The state should ensure that teacher preparation programs provide teacher candidates with a high-quality clinical experience. This goal has been revised since 2017.
Cooperating Teacher Requirements:
requiring that cooperating teachers have at least three years of
experience teaching in the area in which they are certified, Oklahoma
has no other requirements for cooperating teachers.
OEQA Administrative Rules, 218: 10-5-3
Ensure that cooperating teachers have demonstrated evidence of effectiveness as measured by student learning.
Cooperating teachers in Oklahoma should be carefully screened for their ability to further student achievement. Research indicates that student teachers benefit most when cooperating teachers are selected by the preparation program rather than by the student teacher or school district staff.
Oklahoma indicated that educator preparation programs (EPPs) are required to co-select, prepare, evaluate, support, and retain high-quality cooperating teachers who demonstrate a positive impact on candidate' development and P-12 student learning and development. In collaboration with their P12 partners, EPPs use multiple indicators and appropriate technology-based applications to establish, maintain, and refine criteria for selection, professional development, performance evaluation, continuous improvement, and retention of cooperating teachers in all clinical placement settings.

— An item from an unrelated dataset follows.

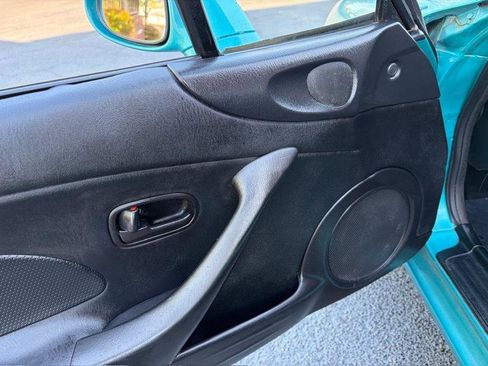 Used 2003 MAZDA MX-5 Miata RWD image 29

In a follow-up response, the state submitted the following:
Oklahoma Administrative Code: 218:10-5-1 Educator preparation program accreditation and review process
(e) The OEQA is a performance-based partner with the OSRHE and CAEP. All educator preparation programs shall be expected to meet all CAEP unit and program accreditation standards, State Department of Education competencies, OSRHE teacher education policies as well as all additional standards established by the CEQA.
CAEP Standard 2.1
Partners co-construct mutually beneficial P-12 school and community arrangements, including technology-based collaborations, for clinical preparation and share responsibility for continuous improvement of candidate preparation. Partnerships for clinical preparation can follow a range of forms, participants, and functions. They establish mutually agreeable expectations for candidate entry, preparation, and exit; ensure that theory and practice are linked; maintain coherence across clinical and academic components of preparation; and share accountability for candidate outcomes
CAEP Standard 2.2
Partners co-select, prepare, evaluate, support, and retain high-quality clinical educators, both provider- and school-based, who demonstrate a positive impact on candidates' development and P-12 student learning and development. In collaboration with their partners, providers use multiple indicators and appropriate technology-based applications to establish, maintain, and refine criteria for selection, professional development, performance evaluation, continuous improvement, and retention of clinical educators in all clinical placement settings.
CAEP Standard 2.3
The provider works with partners to design clinical experiences of sufficient depth, breadth, diversity, coherence, and duration to ensure that candidates demonstrate their developing effectiveness and positive impact on all students' learning and development. Clinical experiences, including technology-enhanced learning opportunities, are structured to have multiple performance-based assessments at key points within the program to demonstrate candidates' development of the knowledge, skills, and professional dispositions, as delineated in Standard 1, that are associated with a positive impact on the learning and development of all P-12 students.
1E: Student Teaching
The stakes are too high for student teaching requirements to be left to chance. Student teaching is the final clinical experience of teacher preparation, and teacher candidates have only one chance to experience the best possible placement. Student teaching will shape their own performance as teachers and help determine the type of school in which they will choose to teach. A mediocre student teaching experience, let alone a disastrous one, can never be undone.
Central to the quality of the student teaching experience is the classroom teacher who serves as the teacher candidate's mentor, or cooperating teacher. Only strong teachers with evidence of their effectiveness, as assessed by objective measures of student learning and by their principals, should be able to serve as cooperating teachers. Yet placement is much more likely to be the luck of the draw. Reports by NCTQ, including Student Teaching in the United States and the Teacher Prep Review,
found most teacher preparation programs fail to require that cooperating teachers must be effective instructors.